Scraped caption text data
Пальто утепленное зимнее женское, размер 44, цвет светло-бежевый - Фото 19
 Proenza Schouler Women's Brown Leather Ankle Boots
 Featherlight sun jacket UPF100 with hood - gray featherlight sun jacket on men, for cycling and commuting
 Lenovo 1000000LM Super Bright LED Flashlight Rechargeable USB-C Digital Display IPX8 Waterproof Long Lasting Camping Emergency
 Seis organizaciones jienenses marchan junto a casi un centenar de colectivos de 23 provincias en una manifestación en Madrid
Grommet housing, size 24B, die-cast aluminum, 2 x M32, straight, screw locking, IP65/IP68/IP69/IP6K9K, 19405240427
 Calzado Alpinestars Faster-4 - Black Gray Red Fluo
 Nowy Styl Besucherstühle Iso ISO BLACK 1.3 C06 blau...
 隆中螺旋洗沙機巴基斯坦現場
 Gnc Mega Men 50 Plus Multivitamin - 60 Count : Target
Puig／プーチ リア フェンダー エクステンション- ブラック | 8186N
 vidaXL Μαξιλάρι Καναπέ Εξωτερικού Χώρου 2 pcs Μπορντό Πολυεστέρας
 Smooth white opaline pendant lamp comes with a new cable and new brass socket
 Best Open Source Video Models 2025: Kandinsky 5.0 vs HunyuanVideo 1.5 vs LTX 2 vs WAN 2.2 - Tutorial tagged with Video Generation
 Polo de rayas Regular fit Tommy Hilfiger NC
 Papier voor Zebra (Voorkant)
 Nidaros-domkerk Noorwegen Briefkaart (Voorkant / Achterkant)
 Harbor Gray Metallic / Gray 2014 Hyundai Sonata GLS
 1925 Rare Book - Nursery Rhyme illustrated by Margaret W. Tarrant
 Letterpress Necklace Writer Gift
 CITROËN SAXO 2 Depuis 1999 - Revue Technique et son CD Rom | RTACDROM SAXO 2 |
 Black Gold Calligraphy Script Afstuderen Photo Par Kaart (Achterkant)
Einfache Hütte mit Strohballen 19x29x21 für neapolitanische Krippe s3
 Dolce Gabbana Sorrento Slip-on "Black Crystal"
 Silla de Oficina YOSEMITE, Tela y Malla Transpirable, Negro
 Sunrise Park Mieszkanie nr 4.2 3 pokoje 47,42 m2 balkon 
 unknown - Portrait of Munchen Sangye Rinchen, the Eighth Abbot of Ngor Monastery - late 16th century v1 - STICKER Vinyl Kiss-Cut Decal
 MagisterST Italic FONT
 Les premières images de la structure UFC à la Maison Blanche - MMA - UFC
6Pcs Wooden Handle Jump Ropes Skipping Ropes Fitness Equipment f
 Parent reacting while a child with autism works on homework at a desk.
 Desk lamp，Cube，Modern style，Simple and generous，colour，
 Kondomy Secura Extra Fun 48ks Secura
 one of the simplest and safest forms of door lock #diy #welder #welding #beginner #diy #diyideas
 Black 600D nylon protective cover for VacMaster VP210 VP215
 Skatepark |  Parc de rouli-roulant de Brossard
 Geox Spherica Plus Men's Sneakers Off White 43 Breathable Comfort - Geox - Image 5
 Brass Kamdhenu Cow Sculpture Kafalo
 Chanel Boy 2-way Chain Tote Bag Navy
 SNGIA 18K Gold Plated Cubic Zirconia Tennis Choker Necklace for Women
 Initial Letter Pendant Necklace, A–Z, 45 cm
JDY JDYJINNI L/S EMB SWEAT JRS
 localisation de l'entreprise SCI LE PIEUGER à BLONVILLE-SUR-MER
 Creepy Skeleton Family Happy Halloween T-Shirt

EXERCISE PROMPT –
Starting at the line that contains "Einfache Hütte mit" and stopping after the line that contains "6Pcs Wooden Handle", write out every line exactly as it appears above, and no other line.

RESPONSE BOX –
Einfache Hütte mit Strohballen 19x29x21 für neapolitanische Krippe s3
 Dolce Gabbana Sorrento Slip-on "Black Crystal"
 Silla de Oficina YOSEMITE, Tela y Malla Transpirable, Negro
 Sunrise Park Mieszkanie nr 4.2 3 pokoje 47,42 m2 balkon 
 unknown - Portrait of Munchen Sangye Rinchen, the Eighth Abbot of Ngor Monastery - late 16th century v1 - STICKER Vinyl Kiss-Cut Decal
 MagisterST Italic FONT
 Les premières images de la structure UFC à la Maison Blanche - MMA - UFC
6Pcs Wooden Handle Jump Ropes Skipping Ropes Fitness Equipment f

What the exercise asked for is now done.